§ Your task
Pictures should be omitted; restate word for word the lines from the one holding "4-к квартира, на" through the last line of the entries below.

§ Excerpted data
★ ★ ★ ★ ★
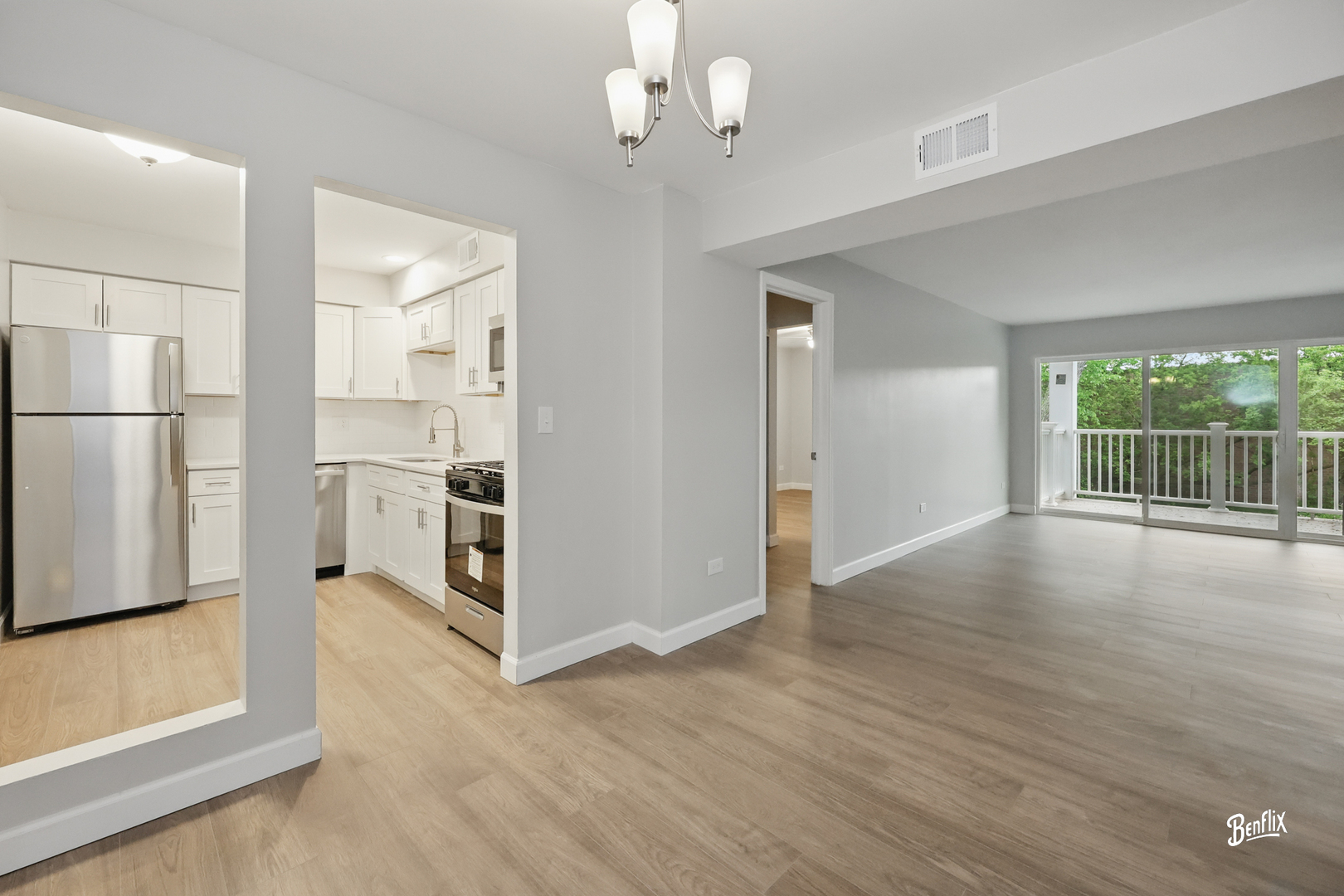 5500 Carriageway Drive #213, Rolling Meadows, IL 60008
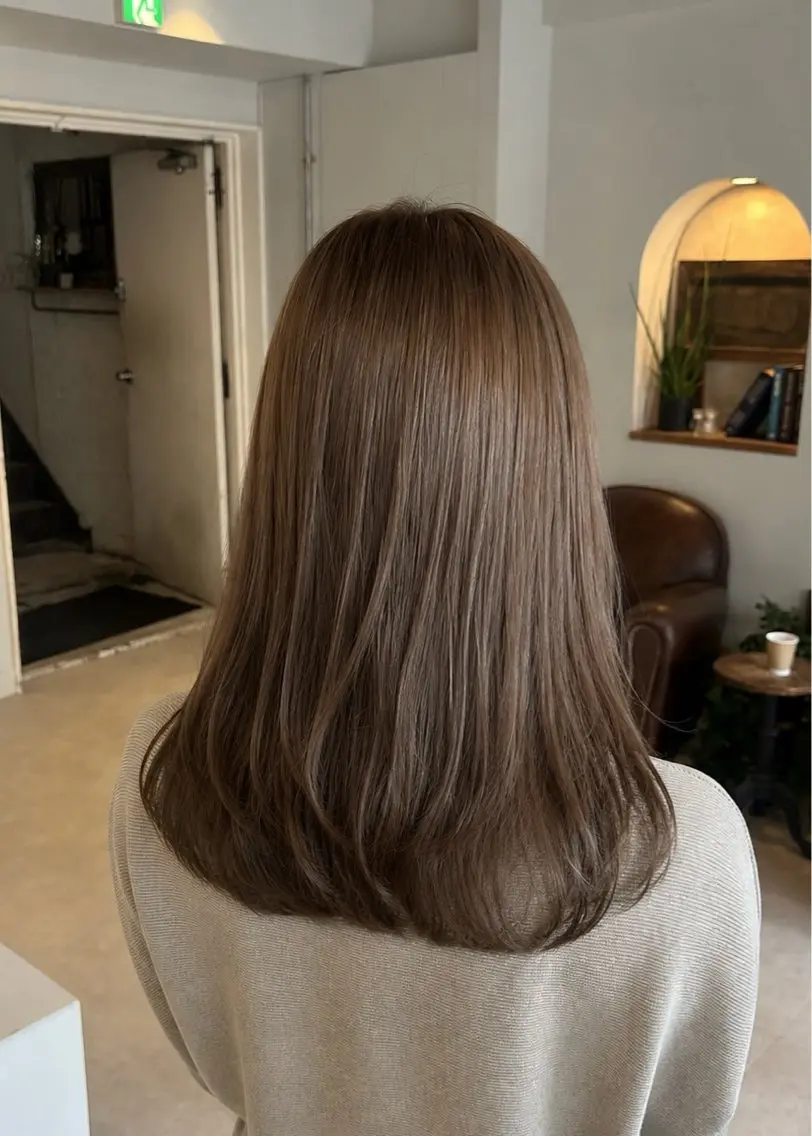 セミロング カット ヘアカラー 艶まろやかカラー| レイヤー|AYAKOのヘアスタイル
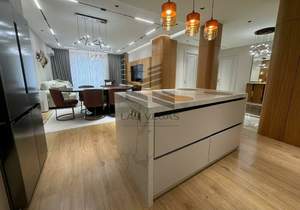 4-к квартира, на длительный срок, 150м2, 3/5 этаж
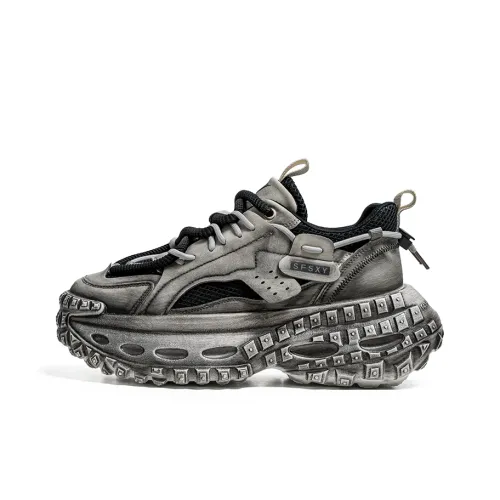 Black tailed Deer Low Top Chunky Sneakers Men's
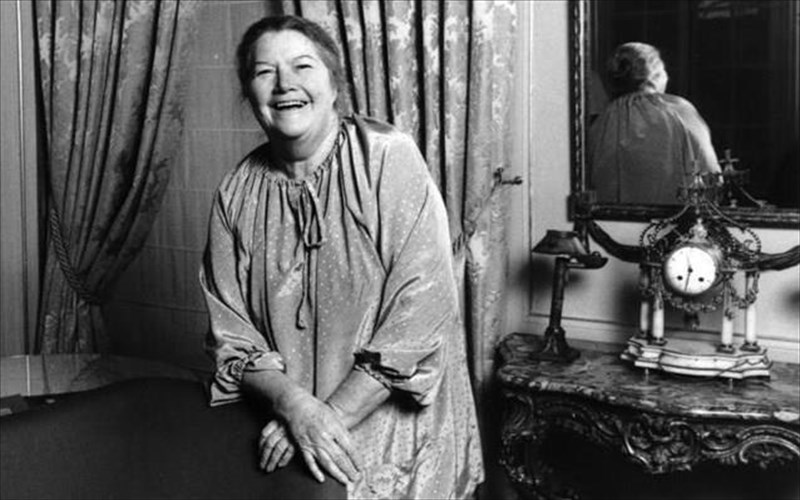 pethane-i-suggrafeas-kolin-makkalaf-suggrafeas-kolin-makkalaf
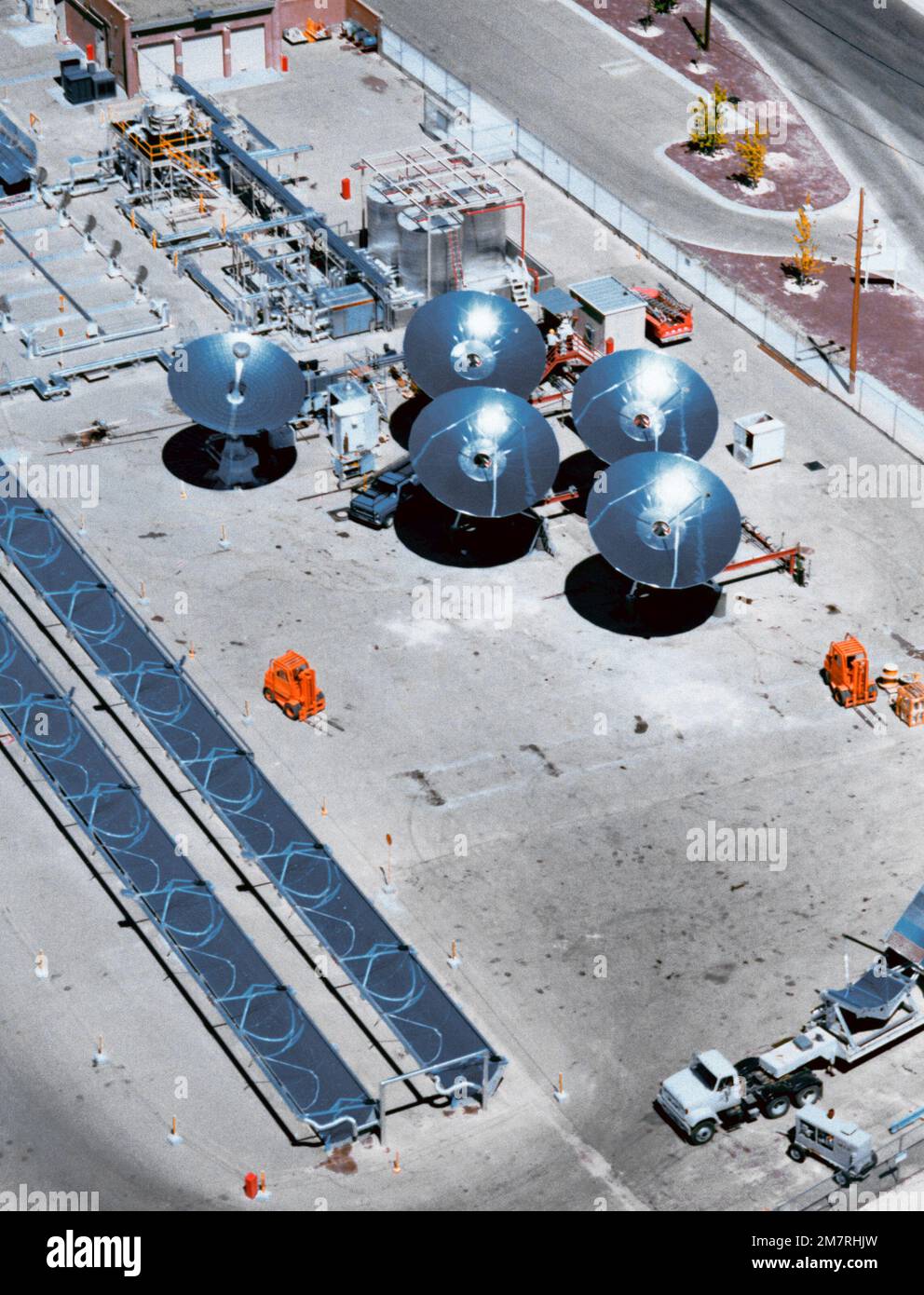 Una vista aerea di Sandia National Laboratories Midtemperature Solar Systems Test Facility. La struttura è coinvolta nella sperimentazione di vaschette e piatti parabolici solari termici. Sono mostrate quattro piastre riflettenti in alluminio da 7 metri, da 8 kilowatt e una piastra di vetro argentata sul retro. I moduli di trogolo parabolici in prova sono in primo piano. Base: Albuquerque Stato: New Mexico (NM) Paese: Stati Uniti d'America (USA) Foto Stock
★ ★ ★ ★ ★
§ Answer box
 4-к квартира, на длительный срок, 150м2, 3/5 этаж
 Black tailed Deer Low Top Chunky Sneakers Men's
 pethane-i-suggrafeas-kolin-makkalaf-suggrafeas-kolin-makkalaf
 Una vista aerea di Sandia National Laboratories Midtemperature Solar Systems Test Facility. La struttura è coinvolta nella sperimentazione di vaschette e piatti parabolici solari termici. Sono mostrate quattro piastre riflettenti in alluminio da 7 metri, da 8 kilowatt e una piastra di vetro argentata sul retro. I moduli di trogolo parabolici in prova sono in primo piano. Base: Albuquerque Stato: New Mexico (NM) Paese: Stati Uniti d'America (USA) Foto Stock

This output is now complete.